His breath caught in his throat.
The castle. Except this time, he recognized it. Unlike the snow world, the castle was surrounded by a summery forest, just past rolling hills, and at the base of a peak. A road led to the fortress he’d first seen in a vision. He sat, frozen, wondering how to keep his secret from Elf when they were headed straight towards the castle she created for him long ago. The moons were clear above in a gorgeous blue sky. Not twilight. Not dawn. Not night – but true daytime.
“It’s beautiful,” Elf said. She had shifted in his arms and was gazing over his shoulder. “I know this place.” She pushed his arms away and stood, taking a couple of steps towards their destination. “So should you.” She faced him.
“What do you mean?” he asked.

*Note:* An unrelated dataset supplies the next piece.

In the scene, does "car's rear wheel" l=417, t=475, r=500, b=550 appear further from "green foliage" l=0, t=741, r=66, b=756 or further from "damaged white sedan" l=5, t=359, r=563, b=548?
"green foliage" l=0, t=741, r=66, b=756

He got to his feet and stood beside her, hoping his features revealed nothing.
“White Tree Sound,” she pressed. “You came from here to visit me in my world. Or, a version of you did.”
“White Tree Sound,” he repeated. “Red Knight.”

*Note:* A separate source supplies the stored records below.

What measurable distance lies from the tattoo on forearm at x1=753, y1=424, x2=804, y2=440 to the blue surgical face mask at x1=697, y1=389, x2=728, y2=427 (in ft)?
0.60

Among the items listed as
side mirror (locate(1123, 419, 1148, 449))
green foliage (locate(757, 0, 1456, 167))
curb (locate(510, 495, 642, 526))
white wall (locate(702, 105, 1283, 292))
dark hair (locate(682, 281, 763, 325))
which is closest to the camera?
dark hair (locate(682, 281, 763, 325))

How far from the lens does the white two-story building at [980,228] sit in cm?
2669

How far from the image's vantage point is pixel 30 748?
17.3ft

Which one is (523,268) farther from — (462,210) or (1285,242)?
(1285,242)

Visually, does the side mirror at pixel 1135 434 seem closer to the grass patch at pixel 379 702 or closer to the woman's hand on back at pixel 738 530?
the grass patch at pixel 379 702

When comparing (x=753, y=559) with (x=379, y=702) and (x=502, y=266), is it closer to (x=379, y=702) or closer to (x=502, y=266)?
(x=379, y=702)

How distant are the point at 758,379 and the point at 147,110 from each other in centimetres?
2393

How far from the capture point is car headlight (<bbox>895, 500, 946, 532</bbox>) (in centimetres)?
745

“Exactly. This was your home. Do you remember?” She searched his features with apprehension and excitement.
“No,” he replied. “I have no memory of my life as a Knight of this place.”
White Tree Sound. He hadn’t recalled the name until she spoke it. The kingdom was named after the large tree with white bark in the courtyard and the sound where the ocean and river mixed in a channel.
This was where their journey began and where, somehow, they’d returned. Except she didn’t remember this place had always existed or that, when he came here originally, he had not been a knight of any kind but a boy whose death in her world she hadn’t been able to accept.
His gaze went from the castle to her. When he thought of what she’d done and why, he was filled with indecipherable emotions.
She created this place when she needed it as a child.
She’d recreated it when she needed it as an adult.